** Listed records **
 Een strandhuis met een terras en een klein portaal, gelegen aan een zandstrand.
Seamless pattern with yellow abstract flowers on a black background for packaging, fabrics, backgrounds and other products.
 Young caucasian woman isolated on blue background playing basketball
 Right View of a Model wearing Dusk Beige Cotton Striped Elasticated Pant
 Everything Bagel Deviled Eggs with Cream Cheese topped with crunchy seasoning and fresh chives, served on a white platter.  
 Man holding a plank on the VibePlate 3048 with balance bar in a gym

==

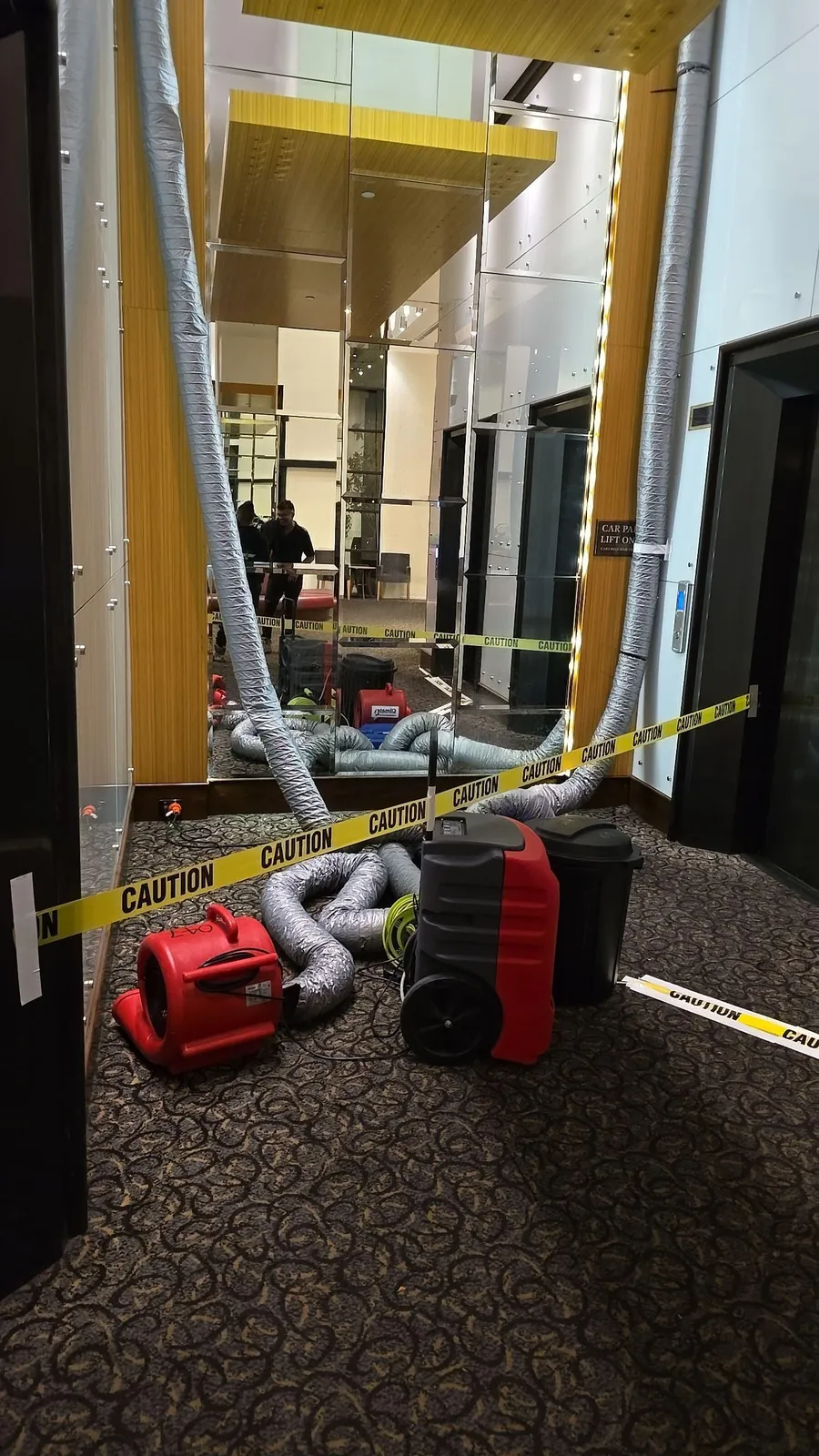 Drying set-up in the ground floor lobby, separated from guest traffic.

==

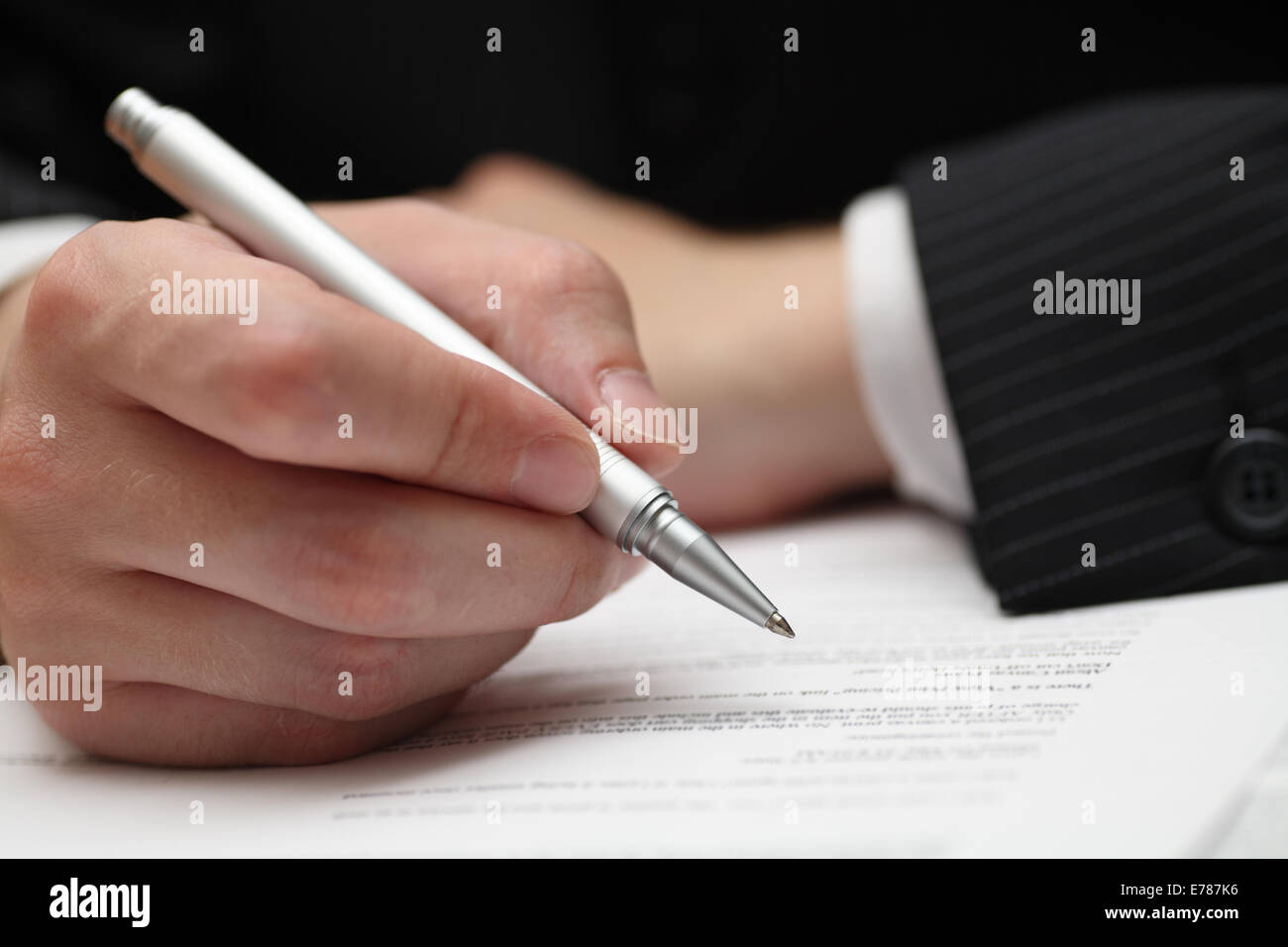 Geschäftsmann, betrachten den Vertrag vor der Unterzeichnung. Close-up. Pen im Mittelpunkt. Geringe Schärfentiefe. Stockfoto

** What is being asked **
Using the entries above, say how many lines contain the string "with"; the number is the full reply.

** Your response **
3